EXERCISE DIRECTIONS:
Stop after the line that contains "It took me almost". Until then, retype each line of the entries exactly from the first one, skipping pictures.
* * * * * * *
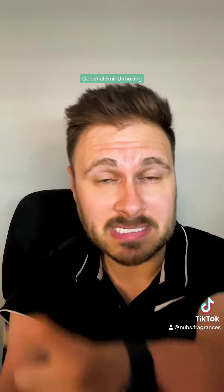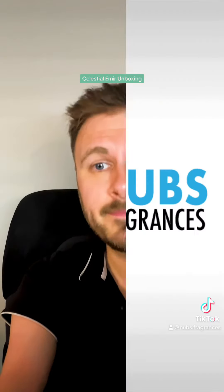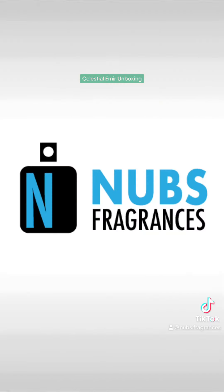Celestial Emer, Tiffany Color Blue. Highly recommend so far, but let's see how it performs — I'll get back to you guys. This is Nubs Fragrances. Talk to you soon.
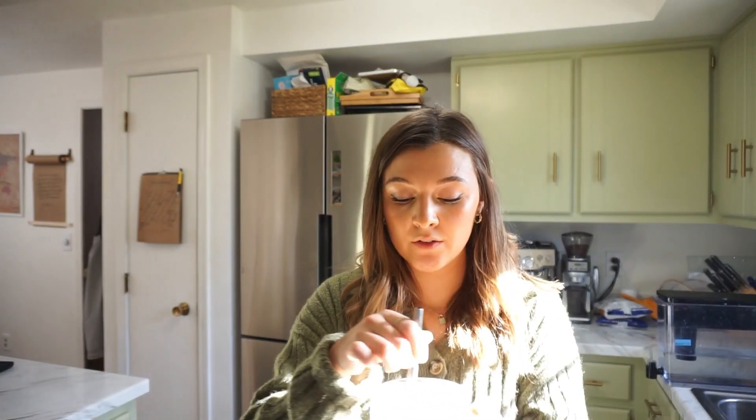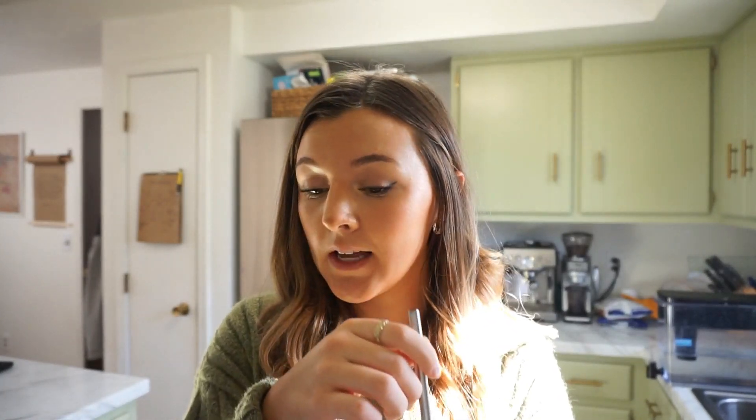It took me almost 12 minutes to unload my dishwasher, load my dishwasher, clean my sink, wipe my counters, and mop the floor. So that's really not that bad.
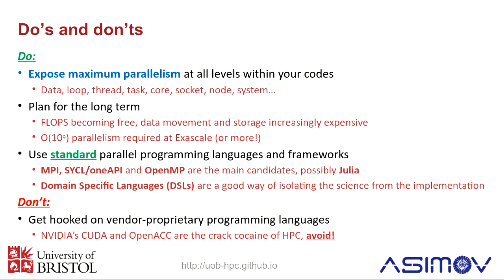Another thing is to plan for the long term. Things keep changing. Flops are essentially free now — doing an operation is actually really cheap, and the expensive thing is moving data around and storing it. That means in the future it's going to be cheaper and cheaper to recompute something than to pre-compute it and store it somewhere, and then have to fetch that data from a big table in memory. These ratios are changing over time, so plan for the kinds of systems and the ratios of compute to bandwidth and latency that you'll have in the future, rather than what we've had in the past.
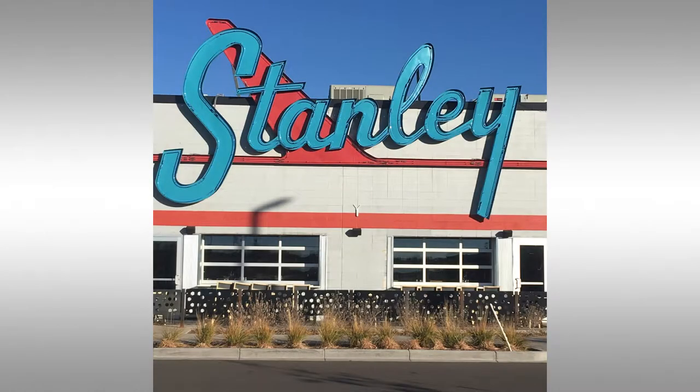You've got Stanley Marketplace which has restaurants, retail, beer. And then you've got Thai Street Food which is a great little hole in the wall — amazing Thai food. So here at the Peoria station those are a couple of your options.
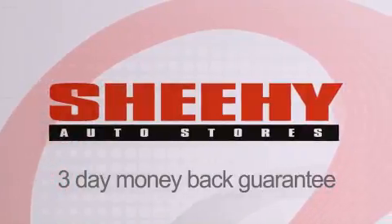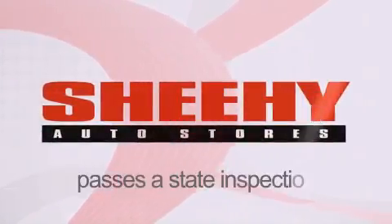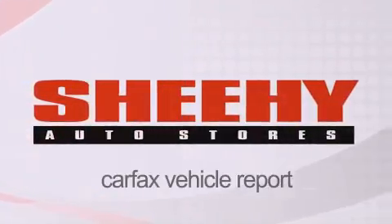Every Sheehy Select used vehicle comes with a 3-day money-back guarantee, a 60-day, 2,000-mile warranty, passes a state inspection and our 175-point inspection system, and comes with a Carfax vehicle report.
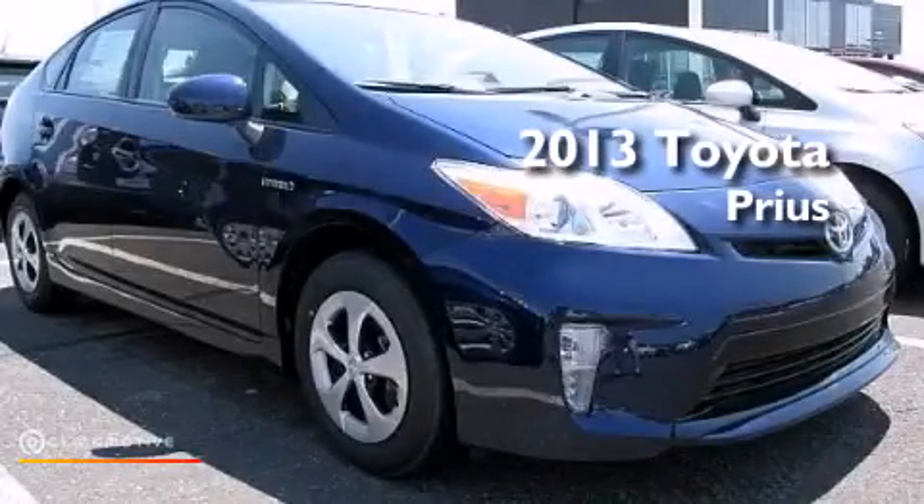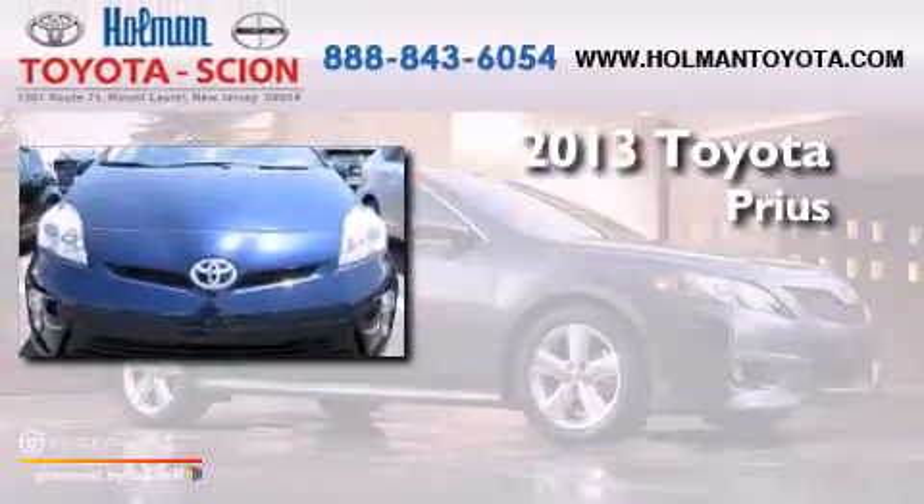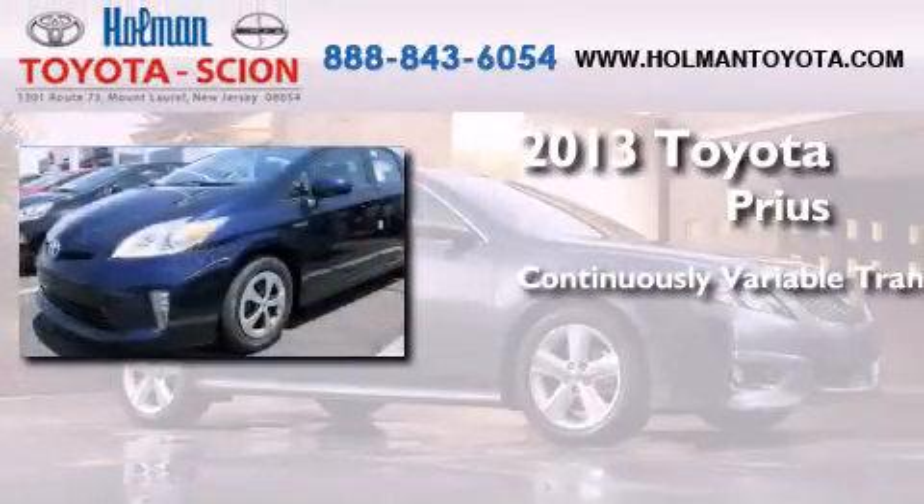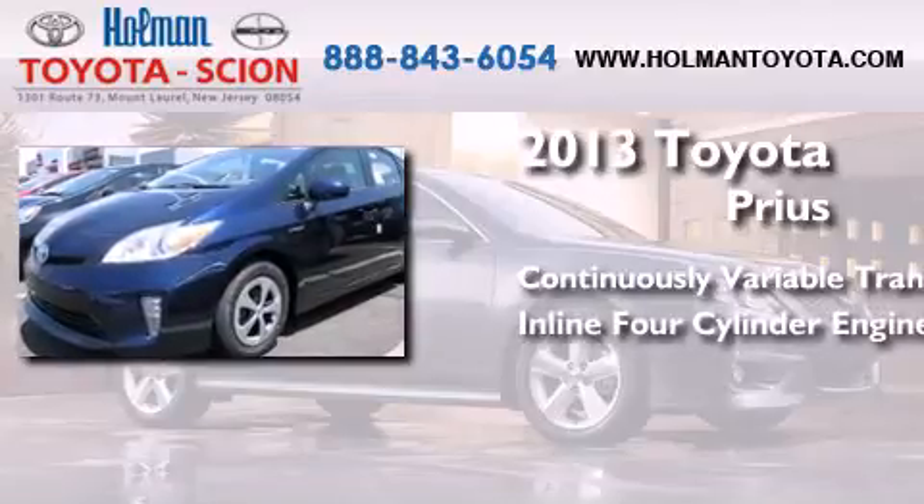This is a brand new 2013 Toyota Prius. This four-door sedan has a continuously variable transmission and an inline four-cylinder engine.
* * * * * * *
SOLUTION TO THIS TASK:
Celestial Emer, Tiffany Color Blue. Highly recommend so far, but let's see how it performs — I'll get back to you guys. This is Nubs Fragrances. Talk to you soon.
It took me almost 12 minutes to unload my dishwasher, load my dishwasher, clean my sink, wipe my counters, and mop the floor. So that's really not that bad.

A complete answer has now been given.